John Keats's "Ode to a Nightingale" presents the general idea of the conflicted nature of life: pain/joy, pleasure/numbness, life/death, mortal/immortal, real/ideal.
The nightingale acts almost as a muse for the poet's reflections as he moves from his initial response to the song of the nightingale to the poet's distancing of himself from the bird in the final stanza.
For instance, in Stanza I the poet, whose
heart aches and a drowsy numbness pains/My sense, as though of hemlock
is touched by the bird's song, causing him to wish that he could reach a state of numb astraction with the bird and
,,,leave the world unseen, And with thee fade away into the forest dim
by becoming numb through drinking "a beaker full of the warm South."
As a transition into the next stanza, Keats repeats the word fade; however, fade moves into dissolve as Keats contemplates death, not just a numbness to pain as he moves to Stanza IV in which he tells the "darkling" that he has been
half in love with easeful Death," and "Now more than ever it seems rich to die,/To cease upon the midnight with no pain,/while thou art pouring forth thy sould aborad/In such an ectasy!
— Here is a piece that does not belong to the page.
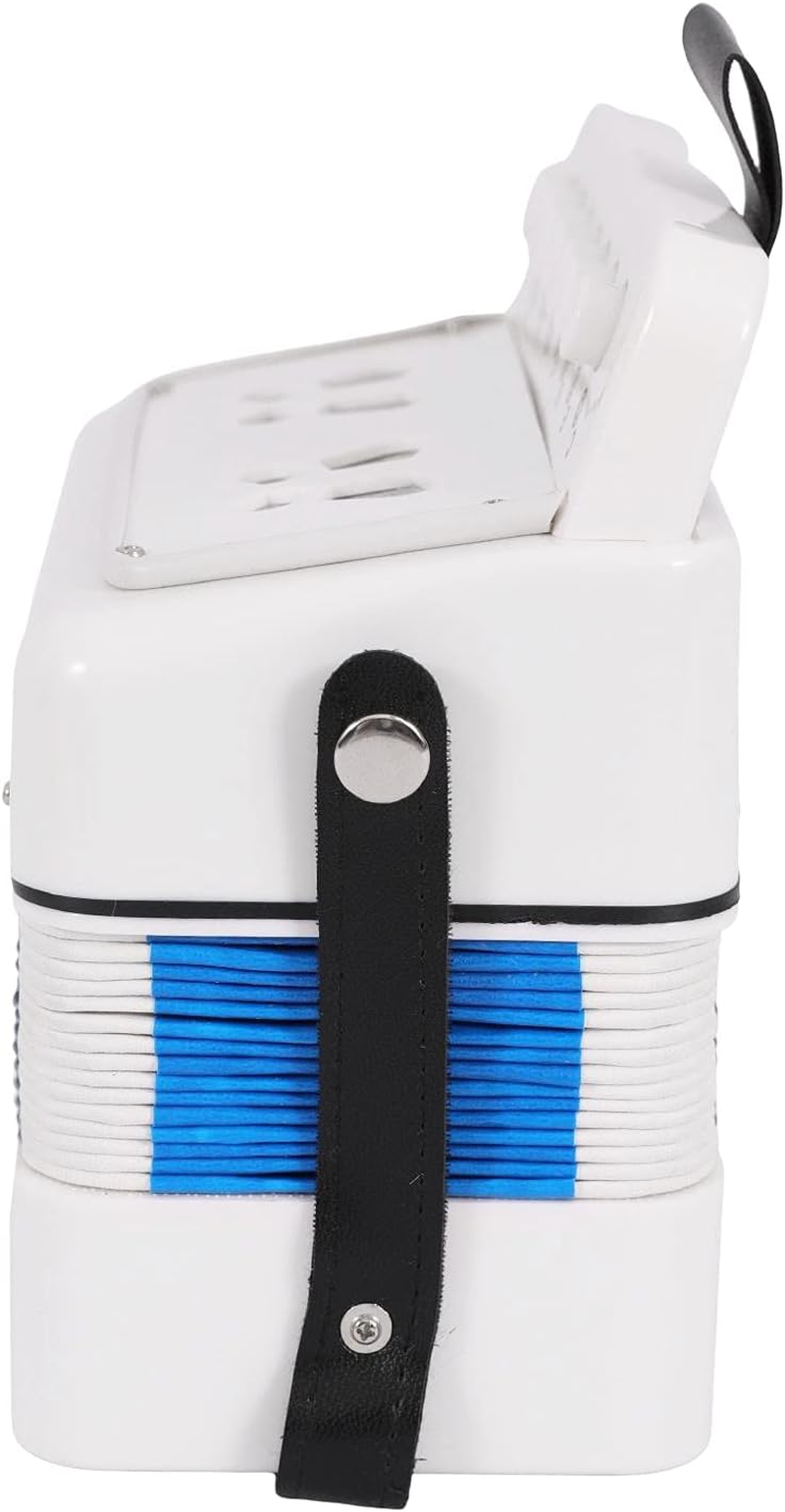 Accordion,10 Keys Control Accordion Musical Instruments Mini Accordion Instrument ABS Material Musical Instrument for Beginners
Here Keats separates himself from the nightingale as he realizes that the "immortal Bird" is not meant for death: There is a continuum for it as the "self-same song" has been heard by Ruth and others of the ages. He bids "Adieu!" to the bird as is "tolled" by the song back to his "sole self" and reminded of his mortality. With all these conflicting musings, Keats wonders in the last line of the ode if his thoughts are merely illusionary, "a waking dream."